Campus ~27,170 characters · 57 min read Updated

HKUST’s Clear Water Bay campus, perched on a coastal hillside adjacent to natural woodlands and a bay, enjoys ecological conditions rare among Hong Kong’s university campuses — to the extent that since its founding, it has drawn seawater directly from Clear Water Bay to cool the campus. From 2019, the university has systematically advanced its “Sustainable Smart Campus as a Living Lab” initiative, turning the campus itself into a research platform to explore synergies between green building, energy management, and biodiversity conservation.


1. Sustainability Strategy and Net-Zero Targets

1.1 Overall Goal Framework

HKUST has formulated its “Net-Zero Action Plan”, aiming to achieve net-zero greenhouse gas emissions for Campus Scope 1 and Scope 2 by 2045.

Phased near-term targets:

Milestone Target
2028 Reduce energy consumption by 15% compared to the 2014 baseline; reduce Scope 1 & 2 greenhouse gas emissions by 40%
2045 Scope 1 & 2 emissions to zero (net-zero campus)

1.2 Recent Energy Performance (2023–24 Academic Year)

According to data published on the HKUST Sustainability website:

1.3 Energy-saving Measures

In the 2023–24 academic year, the university replaced 5,842 light fittings (switching to LED and dynamic sensor systems), achieving an average electricity saving of about 60%. It also completed regenerative drive upgrades on five lifts, saving approximately 30% in energy consumption.

Renewable energy: An additional roughly 158 kW of rooftop solar panels were installed (a 6% increase on the previous year); by 2022–23, cumulative on-campus renewable energy generation had exceeded 9.5 million kWh. Experimental projects include a 160 m² photovoltaic green roof test plot, elastocaloric cooling technology (a 200W refrigerator and 500W air-conditioner prototype test), and passive radiative cooling experiments.

Electric vehicle charging: Around HK$40 million was invested to upgrade the car park, equipping about 30% (roughly 360 spaces) of parking bays with at least 7 kW EV charging facilities.

1.4 ‘Race to Zero’ Action Plan: A First among Local Universities

On top of its phased energy targets, HKUST formally released a systematic net-zero roadmap in recent years. According to the university’s announcement, HKUST published the first comprehensive “Net-Zero Action Plan” among local universities, adopting “Race to Zero” as its overarching framework. The plan’s core commitments can be distilled into three sets of figures:

To underpin this roadmap, HKUST has committed to investing around HK$30 million over the next eight years to trial new climate-tech solutions on campus, extending its longstanding “campus as a testbed” ethos.
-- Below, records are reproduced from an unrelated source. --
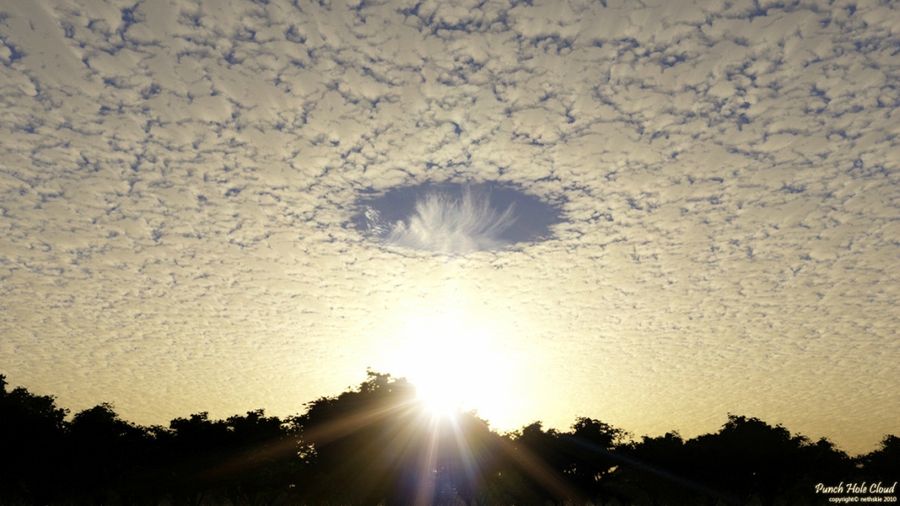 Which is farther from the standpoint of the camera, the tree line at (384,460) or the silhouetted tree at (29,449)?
the tree line at (384,460)

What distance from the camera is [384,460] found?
89.6 metres

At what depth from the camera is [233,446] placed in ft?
295

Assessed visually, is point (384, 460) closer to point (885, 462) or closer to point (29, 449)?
point (29, 449)

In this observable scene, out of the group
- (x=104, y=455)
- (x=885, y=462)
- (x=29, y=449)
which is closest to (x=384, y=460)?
(x=104, y=455)

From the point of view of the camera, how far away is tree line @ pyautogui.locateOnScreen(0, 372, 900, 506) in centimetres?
7981

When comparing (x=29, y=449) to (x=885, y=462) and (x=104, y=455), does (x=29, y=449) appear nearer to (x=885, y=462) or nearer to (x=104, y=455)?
(x=104, y=455)

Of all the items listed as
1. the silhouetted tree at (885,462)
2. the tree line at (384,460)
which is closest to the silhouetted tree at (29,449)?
the tree line at (384,460)

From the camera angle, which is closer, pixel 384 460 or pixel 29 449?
pixel 29 449

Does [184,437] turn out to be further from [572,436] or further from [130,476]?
[572,436]

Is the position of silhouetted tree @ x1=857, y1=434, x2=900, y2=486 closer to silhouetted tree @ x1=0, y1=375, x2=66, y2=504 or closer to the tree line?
the tree line

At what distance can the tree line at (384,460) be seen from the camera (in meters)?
79.8

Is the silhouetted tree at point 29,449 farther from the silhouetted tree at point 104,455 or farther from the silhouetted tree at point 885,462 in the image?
the silhouetted tree at point 885,462

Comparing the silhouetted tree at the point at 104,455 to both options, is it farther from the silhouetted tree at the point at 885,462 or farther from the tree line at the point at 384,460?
the silhouetted tree at the point at 885,462

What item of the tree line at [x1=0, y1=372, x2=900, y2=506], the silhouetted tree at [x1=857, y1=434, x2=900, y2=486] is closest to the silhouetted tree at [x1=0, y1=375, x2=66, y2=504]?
the tree line at [x1=0, y1=372, x2=900, y2=506] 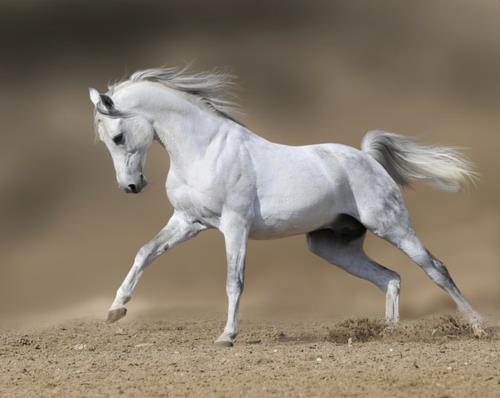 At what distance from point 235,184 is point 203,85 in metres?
0.86

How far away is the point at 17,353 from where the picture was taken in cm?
741

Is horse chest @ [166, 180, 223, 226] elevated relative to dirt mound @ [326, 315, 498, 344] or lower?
elevated

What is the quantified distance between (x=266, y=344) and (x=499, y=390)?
7.94ft

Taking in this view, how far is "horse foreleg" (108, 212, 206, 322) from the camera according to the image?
24.9 ft

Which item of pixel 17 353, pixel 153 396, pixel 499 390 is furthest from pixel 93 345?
pixel 499 390

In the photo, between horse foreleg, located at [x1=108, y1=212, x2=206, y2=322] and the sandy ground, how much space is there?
16.7 inches

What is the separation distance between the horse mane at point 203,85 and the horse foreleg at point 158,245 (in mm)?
845

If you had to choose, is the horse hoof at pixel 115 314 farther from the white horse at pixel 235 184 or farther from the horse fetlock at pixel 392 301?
the horse fetlock at pixel 392 301

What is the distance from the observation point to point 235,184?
7609mm

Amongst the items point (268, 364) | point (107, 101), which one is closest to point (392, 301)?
point (268, 364)

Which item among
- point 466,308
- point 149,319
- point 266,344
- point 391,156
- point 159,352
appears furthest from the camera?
point 149,319

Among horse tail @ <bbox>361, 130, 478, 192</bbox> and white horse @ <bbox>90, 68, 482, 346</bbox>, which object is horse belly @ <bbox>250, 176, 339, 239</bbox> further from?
horse tail @ <bbox>361, 130, 478, 192</bbox>

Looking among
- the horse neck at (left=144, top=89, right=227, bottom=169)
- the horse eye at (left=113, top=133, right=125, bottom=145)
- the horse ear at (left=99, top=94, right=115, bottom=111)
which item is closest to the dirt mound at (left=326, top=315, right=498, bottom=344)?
the horse neck at (left=144, top=89, right=227, bottom=169)

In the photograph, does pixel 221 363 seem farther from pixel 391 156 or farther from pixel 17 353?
pixel 391 156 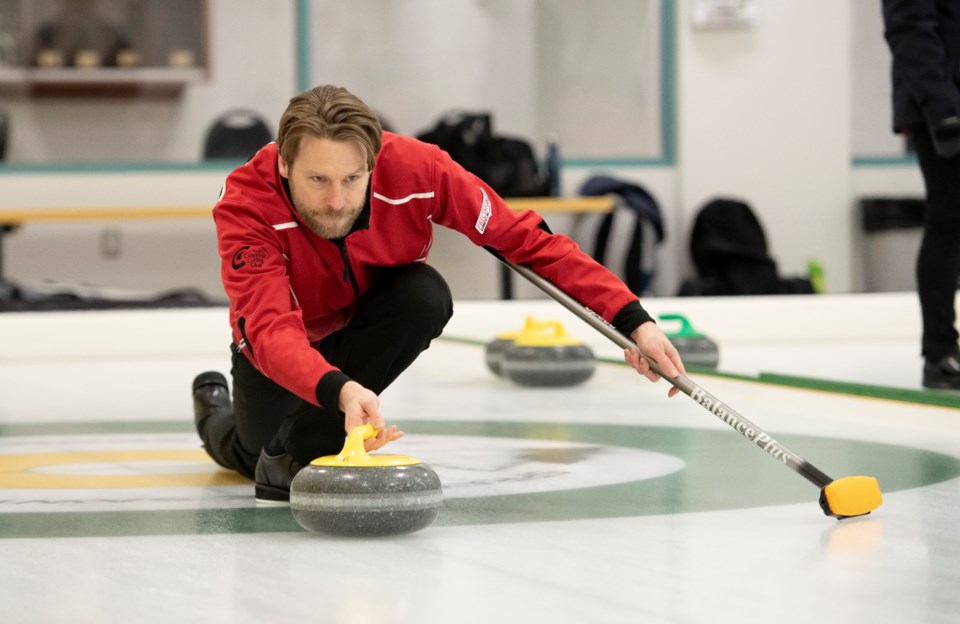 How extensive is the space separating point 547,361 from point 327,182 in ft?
6.40

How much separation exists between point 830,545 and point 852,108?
6019mm

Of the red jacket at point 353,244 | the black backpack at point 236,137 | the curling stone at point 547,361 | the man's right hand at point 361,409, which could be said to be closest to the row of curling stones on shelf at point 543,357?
the curling stone at point 547,361

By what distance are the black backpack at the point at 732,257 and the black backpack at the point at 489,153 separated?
0.83 meters

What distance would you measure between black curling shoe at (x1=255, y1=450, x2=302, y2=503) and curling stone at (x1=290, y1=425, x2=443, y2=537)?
289 millimetres

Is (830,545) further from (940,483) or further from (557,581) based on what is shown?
(940,483)

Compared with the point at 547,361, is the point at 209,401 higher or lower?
higher

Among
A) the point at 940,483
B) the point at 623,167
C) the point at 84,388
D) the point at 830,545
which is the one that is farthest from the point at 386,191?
the point at 623,167

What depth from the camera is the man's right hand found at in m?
1.61

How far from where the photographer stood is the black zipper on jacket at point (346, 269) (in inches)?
73.6

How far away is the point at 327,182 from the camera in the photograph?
172 centimetres

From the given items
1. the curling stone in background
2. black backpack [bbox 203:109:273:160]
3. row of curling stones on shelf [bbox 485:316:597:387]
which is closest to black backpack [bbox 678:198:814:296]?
black backpack [bbox 203:109:273:160]

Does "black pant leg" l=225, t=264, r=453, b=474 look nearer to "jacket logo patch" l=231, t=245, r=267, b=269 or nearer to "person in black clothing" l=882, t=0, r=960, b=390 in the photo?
"jacket logo patch" l=231, t=245, r=267, b=269

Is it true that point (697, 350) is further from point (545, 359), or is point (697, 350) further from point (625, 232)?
point (625, 232)

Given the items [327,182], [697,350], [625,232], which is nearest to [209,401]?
[327,182] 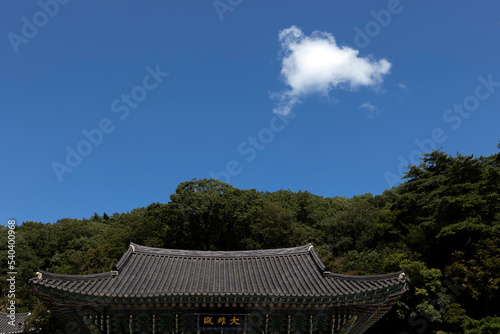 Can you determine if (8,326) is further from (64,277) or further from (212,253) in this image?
(64,277)

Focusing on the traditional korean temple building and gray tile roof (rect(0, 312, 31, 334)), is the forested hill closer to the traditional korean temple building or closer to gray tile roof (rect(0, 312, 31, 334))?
gray tile roof (rect(0, 312, 31, 334))

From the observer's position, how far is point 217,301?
10.5m

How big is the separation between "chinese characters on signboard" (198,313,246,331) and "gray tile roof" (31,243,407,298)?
2.47 feet

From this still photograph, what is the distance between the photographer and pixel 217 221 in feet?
146

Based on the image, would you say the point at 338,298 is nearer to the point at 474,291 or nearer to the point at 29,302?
the point at 474,291

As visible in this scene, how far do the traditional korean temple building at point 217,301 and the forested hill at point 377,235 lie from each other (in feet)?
44.9

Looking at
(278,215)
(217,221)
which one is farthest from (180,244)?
(278,215)

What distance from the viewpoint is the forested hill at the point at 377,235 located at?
2575cm

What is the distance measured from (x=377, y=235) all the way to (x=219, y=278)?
32.6 m

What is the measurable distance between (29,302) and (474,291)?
4425 centimetres

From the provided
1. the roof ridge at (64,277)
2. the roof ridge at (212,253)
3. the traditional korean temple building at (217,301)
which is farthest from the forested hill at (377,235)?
the roof ridge at (64,277)

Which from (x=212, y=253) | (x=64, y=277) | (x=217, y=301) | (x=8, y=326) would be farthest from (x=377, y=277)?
(x=8, y=326)

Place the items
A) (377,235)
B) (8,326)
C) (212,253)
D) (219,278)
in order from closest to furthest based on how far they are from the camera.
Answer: (219,278) < (212,253) < (8,326) < (377,235)

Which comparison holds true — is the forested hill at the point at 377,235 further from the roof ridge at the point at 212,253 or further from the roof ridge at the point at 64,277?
the roof ridge at the point at 64,277
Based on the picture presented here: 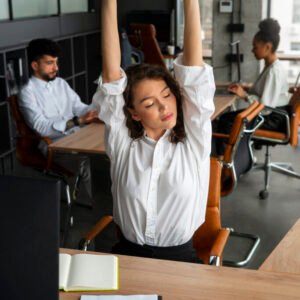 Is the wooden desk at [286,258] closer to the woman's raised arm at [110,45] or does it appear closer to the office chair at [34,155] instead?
the woman's raised arm at [110,45]

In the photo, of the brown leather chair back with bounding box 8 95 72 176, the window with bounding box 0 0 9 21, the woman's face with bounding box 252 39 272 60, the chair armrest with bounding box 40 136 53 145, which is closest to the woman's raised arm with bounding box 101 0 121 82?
the chair armrest with bounding box 40 136 53 145

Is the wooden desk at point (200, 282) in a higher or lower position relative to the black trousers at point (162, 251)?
higher

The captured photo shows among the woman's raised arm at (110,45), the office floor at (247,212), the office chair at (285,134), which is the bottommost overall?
the office floor at (247,212)

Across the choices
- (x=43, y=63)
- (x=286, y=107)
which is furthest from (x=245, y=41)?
(x=43, y=63)

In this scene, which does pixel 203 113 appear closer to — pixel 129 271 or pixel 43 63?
pixel 129 271

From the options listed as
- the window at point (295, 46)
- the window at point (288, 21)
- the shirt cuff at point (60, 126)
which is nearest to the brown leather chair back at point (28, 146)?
the shirt cuff at point (60, 126)

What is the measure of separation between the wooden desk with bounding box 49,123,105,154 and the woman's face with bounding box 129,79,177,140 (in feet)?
4.29

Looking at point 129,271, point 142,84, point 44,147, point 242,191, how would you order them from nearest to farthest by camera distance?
1. point 129,271
2. point 142,84
3. point 44,147
4. point 242,191

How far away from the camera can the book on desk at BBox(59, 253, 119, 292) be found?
166 centimetres

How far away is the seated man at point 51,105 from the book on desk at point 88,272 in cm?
210

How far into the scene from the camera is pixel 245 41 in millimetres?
7309

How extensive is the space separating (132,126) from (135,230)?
377 mm

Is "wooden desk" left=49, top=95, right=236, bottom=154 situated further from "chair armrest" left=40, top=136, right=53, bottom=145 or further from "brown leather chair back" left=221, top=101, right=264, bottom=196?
"brown leather chair back" left=221, top=101, right=264, bottom=196

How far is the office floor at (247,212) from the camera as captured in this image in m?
3.72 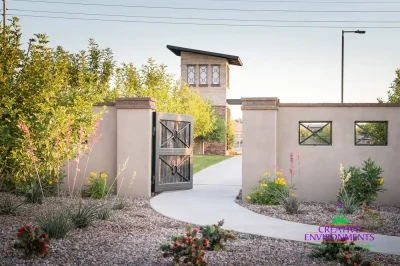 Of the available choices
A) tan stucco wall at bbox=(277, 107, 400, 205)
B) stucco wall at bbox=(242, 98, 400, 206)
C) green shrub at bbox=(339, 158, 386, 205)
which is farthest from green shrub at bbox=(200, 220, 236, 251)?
tan stucco wall at bbox=(277, 107, 400, 205)

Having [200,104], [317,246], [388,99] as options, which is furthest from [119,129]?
[200,104]

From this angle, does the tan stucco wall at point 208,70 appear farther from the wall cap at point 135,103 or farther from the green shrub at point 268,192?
the green shrub at point 268,192

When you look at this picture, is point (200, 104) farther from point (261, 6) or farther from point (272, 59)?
point (272, 59)

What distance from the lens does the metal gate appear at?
1386 cm

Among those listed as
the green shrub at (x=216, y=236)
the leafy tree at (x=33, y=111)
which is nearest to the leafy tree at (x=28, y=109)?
the leafy tree at (x=33, y=111)

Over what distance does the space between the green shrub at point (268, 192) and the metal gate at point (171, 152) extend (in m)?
2.65

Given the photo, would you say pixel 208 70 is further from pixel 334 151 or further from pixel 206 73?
pixel 334 151

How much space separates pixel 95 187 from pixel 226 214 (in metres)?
3.78

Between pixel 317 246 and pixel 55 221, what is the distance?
386 centimetres

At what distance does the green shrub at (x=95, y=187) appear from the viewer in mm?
12984

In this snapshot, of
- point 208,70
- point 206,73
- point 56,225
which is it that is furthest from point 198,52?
point 56,225

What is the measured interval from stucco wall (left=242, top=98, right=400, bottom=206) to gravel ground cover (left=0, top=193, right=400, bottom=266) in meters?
3.72

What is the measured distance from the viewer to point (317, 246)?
7367mm

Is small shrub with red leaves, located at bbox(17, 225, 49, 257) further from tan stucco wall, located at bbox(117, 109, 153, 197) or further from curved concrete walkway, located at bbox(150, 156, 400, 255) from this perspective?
tan stucco wall, located at bbox(117, 109, 153, 197) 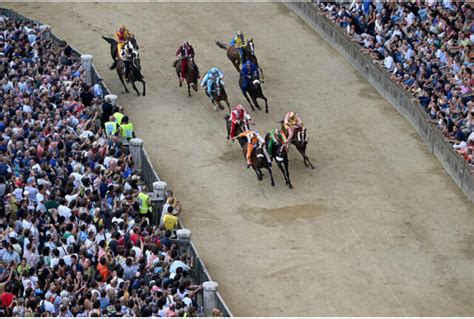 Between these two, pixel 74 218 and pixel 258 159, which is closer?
pixel 74 218

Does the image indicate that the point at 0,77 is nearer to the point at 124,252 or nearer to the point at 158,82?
the point at 158,82

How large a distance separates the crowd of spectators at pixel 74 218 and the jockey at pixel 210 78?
106 inches

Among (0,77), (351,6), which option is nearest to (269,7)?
(351,6)

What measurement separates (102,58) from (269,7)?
6.82 meters

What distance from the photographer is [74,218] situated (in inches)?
1171

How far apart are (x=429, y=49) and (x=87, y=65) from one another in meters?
8.90

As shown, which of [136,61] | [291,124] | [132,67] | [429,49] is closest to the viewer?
[291,124]

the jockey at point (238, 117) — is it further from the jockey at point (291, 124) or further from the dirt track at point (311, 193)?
the jockey at point (291, 124)

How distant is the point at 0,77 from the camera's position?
38.8m

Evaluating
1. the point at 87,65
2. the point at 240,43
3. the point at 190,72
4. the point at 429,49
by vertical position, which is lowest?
the point at 87,65

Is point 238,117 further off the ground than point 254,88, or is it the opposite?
point 238,117

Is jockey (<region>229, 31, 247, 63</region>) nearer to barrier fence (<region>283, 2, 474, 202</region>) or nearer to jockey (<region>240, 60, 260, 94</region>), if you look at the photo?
jockey (<region>240, 60, 260, 94</region>)

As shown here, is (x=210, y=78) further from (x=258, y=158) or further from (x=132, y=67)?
(x=258, y=158)

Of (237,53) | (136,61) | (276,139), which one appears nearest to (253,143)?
(276,139)
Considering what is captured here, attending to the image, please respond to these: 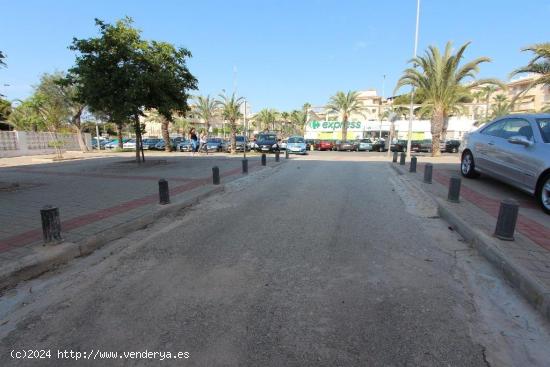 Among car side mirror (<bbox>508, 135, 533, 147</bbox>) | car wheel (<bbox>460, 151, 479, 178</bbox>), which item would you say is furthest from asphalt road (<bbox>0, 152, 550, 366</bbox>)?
car wheel (<bbox>460, 151, 479, 178</bbox>)

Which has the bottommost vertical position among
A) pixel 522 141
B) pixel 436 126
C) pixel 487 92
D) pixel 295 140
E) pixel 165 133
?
pixel 295 140

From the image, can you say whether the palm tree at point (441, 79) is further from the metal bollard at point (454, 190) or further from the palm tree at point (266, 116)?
the palm tree at point (266, 116)

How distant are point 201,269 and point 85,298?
1222 mm

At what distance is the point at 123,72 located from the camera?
1347cm

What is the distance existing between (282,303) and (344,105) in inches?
1701

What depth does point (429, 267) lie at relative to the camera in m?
3.93

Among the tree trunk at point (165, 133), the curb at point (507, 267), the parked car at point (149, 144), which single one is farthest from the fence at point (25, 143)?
the curb at point (507, 267)

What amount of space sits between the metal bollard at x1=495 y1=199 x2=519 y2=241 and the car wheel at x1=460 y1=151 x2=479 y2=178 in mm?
5504

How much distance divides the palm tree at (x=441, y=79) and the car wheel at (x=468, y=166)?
44.6 ft

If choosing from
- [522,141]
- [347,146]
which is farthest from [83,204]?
[347,146]

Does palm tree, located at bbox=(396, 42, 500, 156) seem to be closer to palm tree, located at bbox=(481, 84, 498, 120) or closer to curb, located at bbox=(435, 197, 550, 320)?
palm tree, located at bbox=(481, 84, 498, 120)

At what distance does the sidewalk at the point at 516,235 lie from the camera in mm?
3332

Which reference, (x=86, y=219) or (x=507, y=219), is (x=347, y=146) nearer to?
(x=507, y=219)

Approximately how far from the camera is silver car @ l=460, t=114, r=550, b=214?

Among these efforts, the campus’s 2.5 MW solar photovoltaic system is the largest of its kind among comparable institutions in Hong Kong, and feed-in tariff revenues are cycled back to fund further carbon-reduction innovations.

On the frontier of “embodied carbon”, HKUST has set concrete benchmarks: according to the announcement, the Martin Ka Shing Lee Innovation Building, scheduled to open in 2025, will have an embodied carbon figure below 500 kg CO₂e/m²—a roughly 30% improvement on the Hong Kong baseline of 800 kg CO₂e/m². In other words, the university’s carbon-reduction efforts are extending beyond operational energy to the carbon footprint locked into construction materials and methods — a comparatively advanced approach among Hong Kong universities.

From the perspective of institutional narrative, the phrase “first comprehensive net-zero action plan among local universities” continues HKUST’s habitual self-positioning as a “first mover”: much like its “first” narratives in blockchain credential authentication or the sustainable smart campus, the net-zero roadmap is folded into the university’s overarching discourse of “addressing real-world challenges through technology.” In keeping with our rules, this archive does not relay any related external contentious or critical discussions.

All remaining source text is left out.